The U.S. Chamber's Institute for 21st Century Energy Tuesday unveiled a five-part plan to tackle the major energy challenges cited by business and community leaders.
"From coast to coast, we heard firsthand from business leaders who are frustrated with our energy policy and want Washington to come up with realistic solutions rather than just rhetoric," said Karen Harbert, president of the institute.
The plan stresses the need for more production of oil and natural gas, and improved access to federal lands. "As the economy begins to recover, it is clear that increased efficiency alone cannot satisfy future energy demand. Yet we see more and more domestic energy resources being locked up," the institute said.
"Fossil fuels provide more than 80% of American's energy and allowing greater development of these resources is absolutely necessary to fuel economic recovery, bring new employment to millions of American, and increase the nation's energy security," it said.
"The federal government also must do all it can to make available, in a timely and predictable manner, the significant resources on public lands, which are ripe for energy development, especially renewable resources."
The second prong of the plan is to make new and clean energy technologies more affordable. "The biggest obstacle to greater use of new and cleaner energy is cost. There are several steps that can be taken to lessen this barrier without adding significantly to budgetary presses," it said.
"Our future economic competitiveness and energy security are dependent on continued financial and intellectual commitment to developing tomorrow's energy sources and applications while lowering the costs of the ones we use today. Government has a definite role investing in energy research and development, which should continue, but increasingly it is the private sector that develops transformative technologies. The research and development tax credit should be made permanent to encourage continued innovation."
The institute also called for a predictable regulatory environment. "Revising or constantly changing regulations is impeding investment in energy projects of all types.

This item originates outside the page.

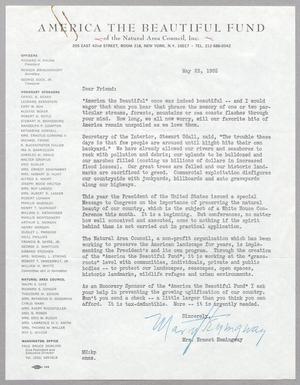 [Letter From Mary Walsh Hemingway on Behalf of the America the Beautiful Fund, May 25, 1965]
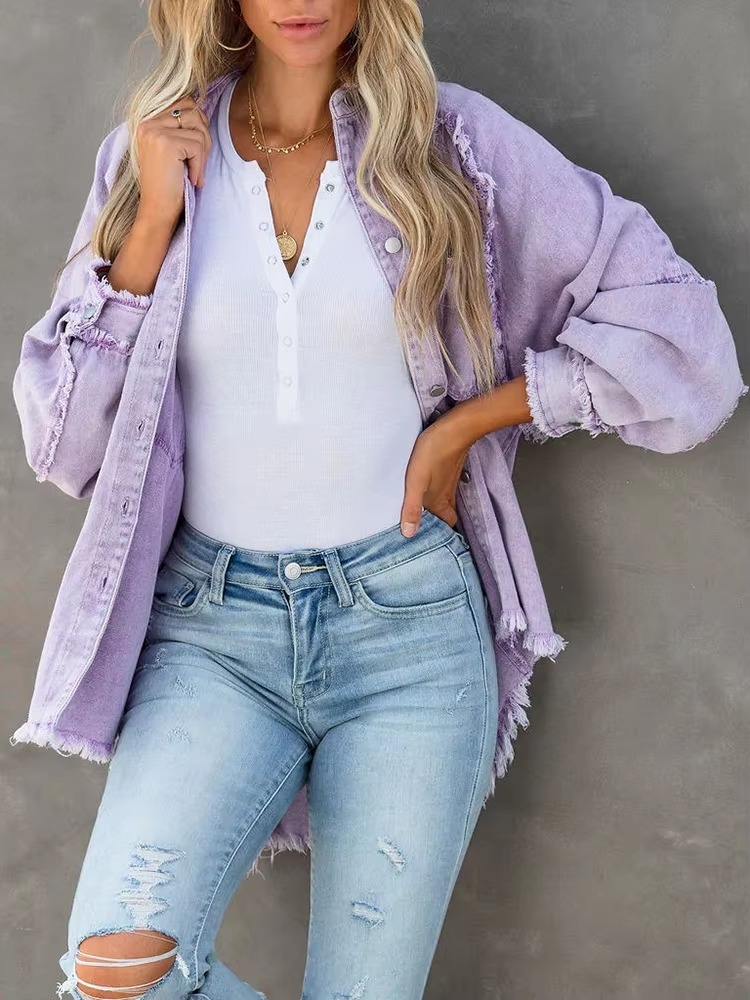 Casual Retro Solid Long Sleeve Turn Down Collar Button Outerwear Jacket - Image 19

Policymakers should place high priority on those measures that are revenue-neutral given the current fiscal climate," the institute said.
It further proposed prioritizing siting and permitting of interstate power transmission. "A particularly acute problem is our inability to site and construct interstate transmission lines, which will be essential to creating a robust electricity grid...A federal preemption, similar to that existing for [natural gas] pipelines, must be created to cut through the burgeoning regulatory and legal obstacles," the institute said.